# Gainesville to Lexington



## zachdotcom (Mar 23, 2009)

I'm about to take my first hitch hiking trip from Gainesville to Lexington. My plan is to take 75. I know big cities are supposed to be rough to get through, but I have plenty of time. I assume Atlanta will be my biggest obstacle. 

Any tips or advice for this trip?

Thanks


----------



## condemnedtodrift (Mar 23, 2009)

Lexington what? 

1) Don't get dropped off inside a city (unless you wanna explore). Get an exit guide & try to get let off in a high traffik area. (fast food, truck stop, hotel, ect...)

2) Don't jump the gun on bullshit rides to some unknow exit 3 miles down the road. Even if you've been waiting a while, if yr in a good spot, wait for a decent ride.

3) do yr best to stay OFF the interstate proper. Cops suck. nuf said. Most states don't mind you being on an on-ramp (digihitch is a good resource for state legislature)

4) If you run into homegaurds, don't go back to their camp if you have to overnight an on ramp. Find yr own spot.

5)Try not to get let off @ intersecting highways. Rest areas are also hit or miss. There's almost always a trooper on duty, and the groundskeepers are generally assholes. If yr ninja, with a little luck you can get good rides here. especially if you don't look too intimidating.

Most importantly: have fun, be safe, and get ready for a sunburn & hours of frustration. 

oh, and be entertaining. A lot of times, if you tell a few jokes & stories/play into the wide eyed vagabond adventurer archtype, you may just get a few kickdowns.


----------



## zachdotcom (Mar 23, 2009)

Lexington, KY. oops!

Thanks a lot for all of the advice.

Is an exit guide like a AAA thing? Or something I could find at a bookstore?


----------



## IBRRHOBO (Mar 23, 2009)

If you would take the time to post some information about yourself, we would consider picking you up in Knoxville (on the I-75) and possibly getting you to Lexington. Balls in your court.


----------



## veggieguy12 (Mar 24, 2009)

Watch out for his Zone Defense!


----------



## yyyoshiii (Apr 7, 2009)

Yea, wheres the best place to get outta gainesville. Course im only goin to Jacksonville which is only like 2 hours north. But still. 
Do i just hang around a gas station near my road of choice? and like..i guess id stick to asking women....
i dunno.


----------



## stove (Apr 7, 2009)

yyyoshiii: Depends on where you're looking to go, really. If you're trying to go a distance on the interstate, the onramp next to it is a decent place IF THERE IS ROOM FOR SOMEONE TO STOP. Otherwise, if there is an intersection with a stop light nearby, those aren't too bad. Gas stations in the vicinity can work if there are only a few options for people driving out.

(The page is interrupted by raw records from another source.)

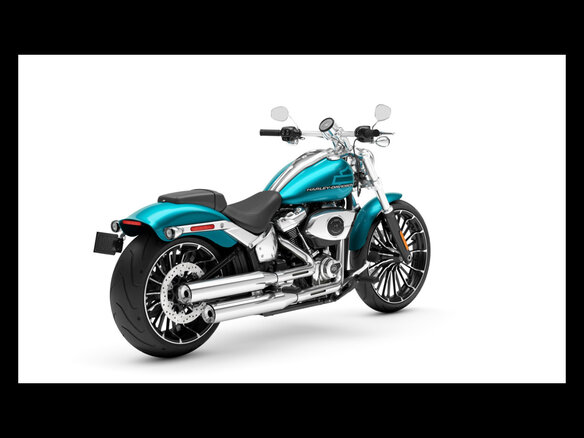 2026 Harley-Davidson Breakout, голубой, 3590000 рублей - вид 14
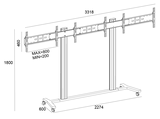 Video Wall Stand(VS-F3)  - 4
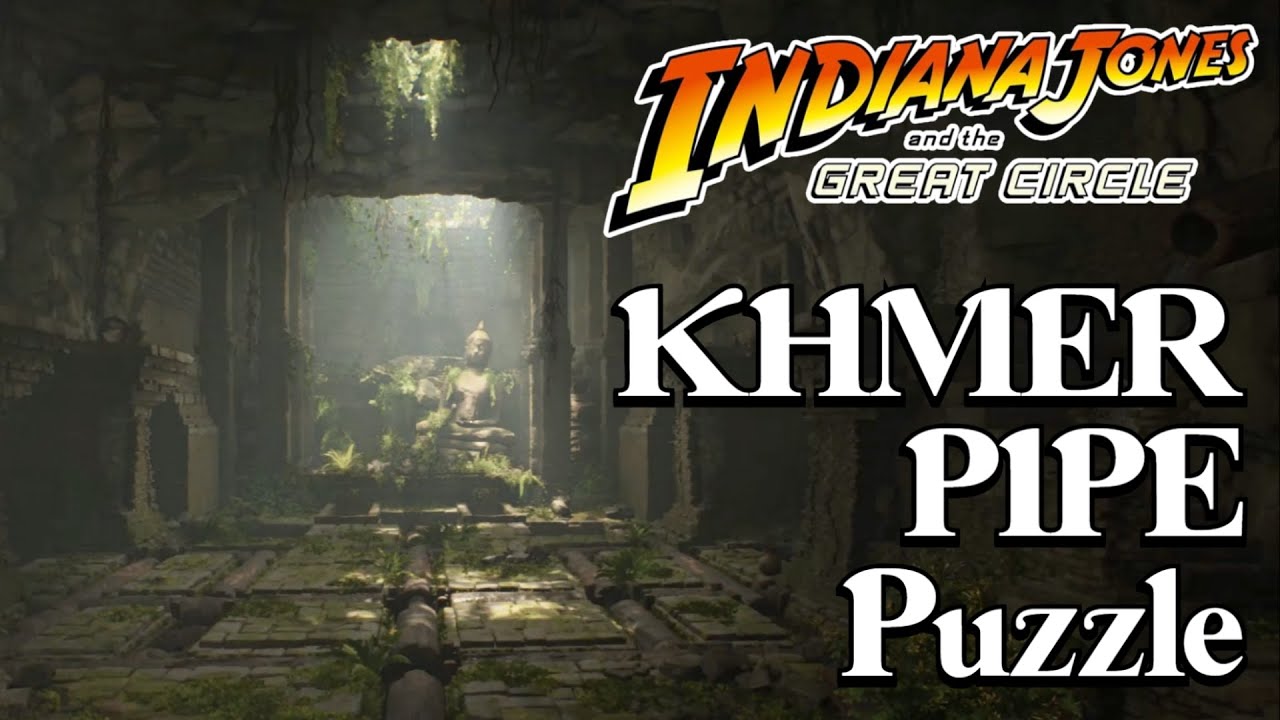 Khmer Pipe Puzzle | 🤠Indiana Jones and the Great Circle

I generally prefer to fly a sign instead of approaching people in the US, as most people in this country get hella intimidated and/or angry at 'strangers' approaching them. It's kinda riddiculous, but that's life.


----------



## Beegod Santana (Apr 7, 2009)

I used to follow most of the suggestions listed on here when it came to hitching (stay in high traffic areas, use a sign, ect...) but recently I've been finding that I have the best luck being in the middle of nowhere and talking to locals. Most truckers can't pick you up these days, and after more hitching than I like to think about, I've still only been picked up by one in my life. Asking people at gas stations works pretty well for me. Just be friendly, don't talk to people who scowl at you, and leave someone alone if they seem weirded out. Signs almost never work for me, but making them helps pass the time. If you get really stuck, just walk onto the interstate, wait for the cops, explain your situation, and often times they'll give you a ride to a better spot. Taking short rides has landed me in some of the coolest places I've ever been (the moonshine capital of the world comes to mind) so I'm personally a fan of taking almost every ride, just beware of the scent of burning plastic.


----------